Wednesday, May 21, 2008

And then there is the matter of your schooling

The Melbourne thing. School scrambles start at 1, that is, if parents want to have options at 12.

This is an intractibly difficult question for us. Beloved and I both had lousy experiences of school, and I struggle with the impression nearly all of them are big old industrial institutions peddling mediocrity while lining up the next generation of worker bees.

We both prefer the idea of public. Neither of us has many good memories of our experiences at the tail end of school where we were bundled off to toffhouses. And there is the ideological ideal of giving all kids a similar basis to start off in life.

But education for its own sake is not prized in Australia and we simply don't trust providence to ensure our nearest school will give Bear a good grounding in literature, music and art, the sciences and history. In fact it appears optional for primary schools to even offer another language.
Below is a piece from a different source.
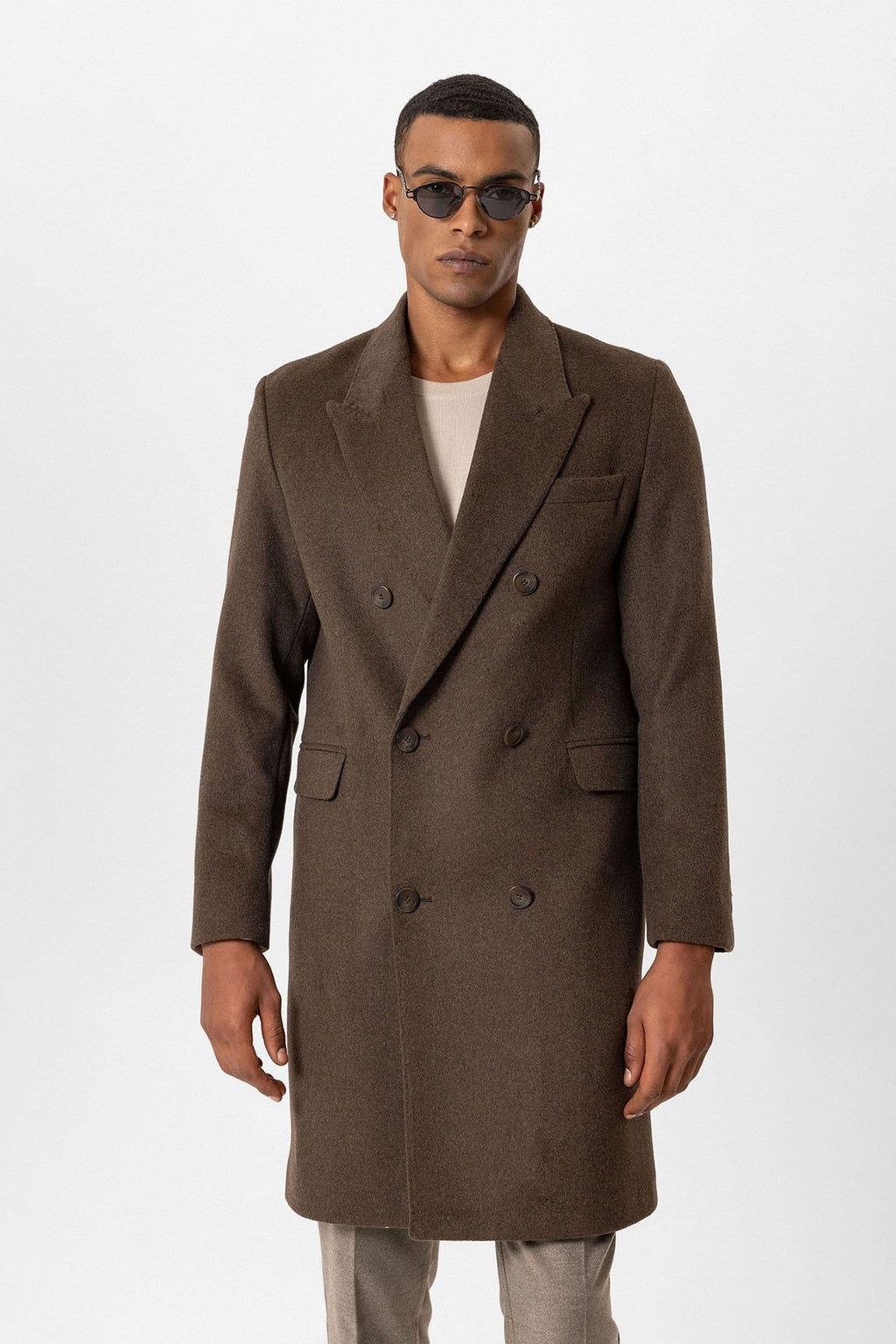 Brown Wool-Blend Double-Breasted Men's Coats - Wessi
Beloved got sent to boarding school in part because music wasn't properly taught at her public school. At my cheapo catholic school history was poor, while the arts generally were all but non-existent. And uniqueness was never prized, always hammered back into place.

The toff schools weren't much better, especially not on the last point. And then there was the childish nastiness they inculcated, whether by subtle intent or effect- too many brats, too many parents who couldn't care if the entire world died tomorrow as long as they have a beemer.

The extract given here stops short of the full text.